By adopting a multidisciplinary approach, his work has centred on understanding how endogenous regulators in the nervous system can modulate the function of GABA receptors and inhibitory synapses. This work has been responsible for numerous seminal discoveries regarding the receptor’s structure-function properties, revealing where both therapeutic and endogenous ligands can bind to these receptors and how they can affect receptor function in a subtype-selective manner. Moreover, intracellular regulation of GABA receptors by anchoring and trafficking proteins and following modification of receptor structure by phosphorylation have enabled a detailed, dynamic profile of this receptor to be assembled. These studies have all impacted on the mechanisms involved in GABA receptor targeting to synapses and their short- and longer-term regulation of function at synapses (plasticity) in both healthy and diseased states.
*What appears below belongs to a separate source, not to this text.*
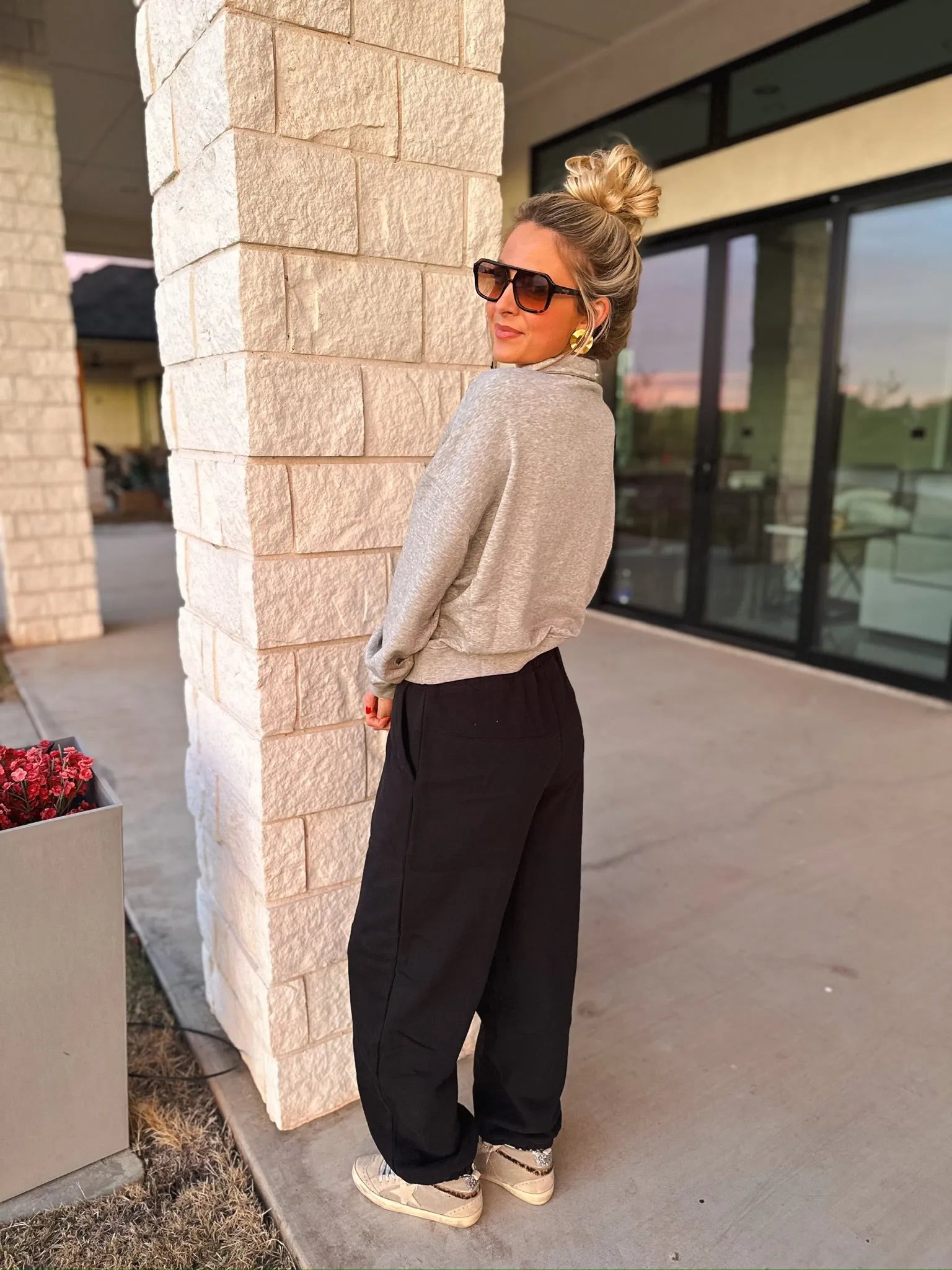 Woman wearing a grey collared half-zip sweatshirt with black pants, gold earrings, and sunglasses.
He has previously been awarded the Sandoz prize for Pharmacology from the British Pharmacological Society, the Lilly Award for Pharmaceutical Sciences and the RPSGB Conference Science Medal. He became an FRPharmS in 2000, FBPharmacolS in 2004 and FMedSci in 2006. He delivered the 2009 Distinguished Goudey Lecture in Pharmacology in North America, and in Dec 2012 delivered the prestigious biennial Gaddum Memorial Lecture (Award) to the British Pharmacological Society
He holds the Schild Chair in Pharmacology and is the Head of the Research Department of Neuroscience, Physiology & Pharmacology at UCL. He is also the Chair for UCL’s Neuroscience Research Domain covering over 500 fundamental and clinical neuroscience investigators.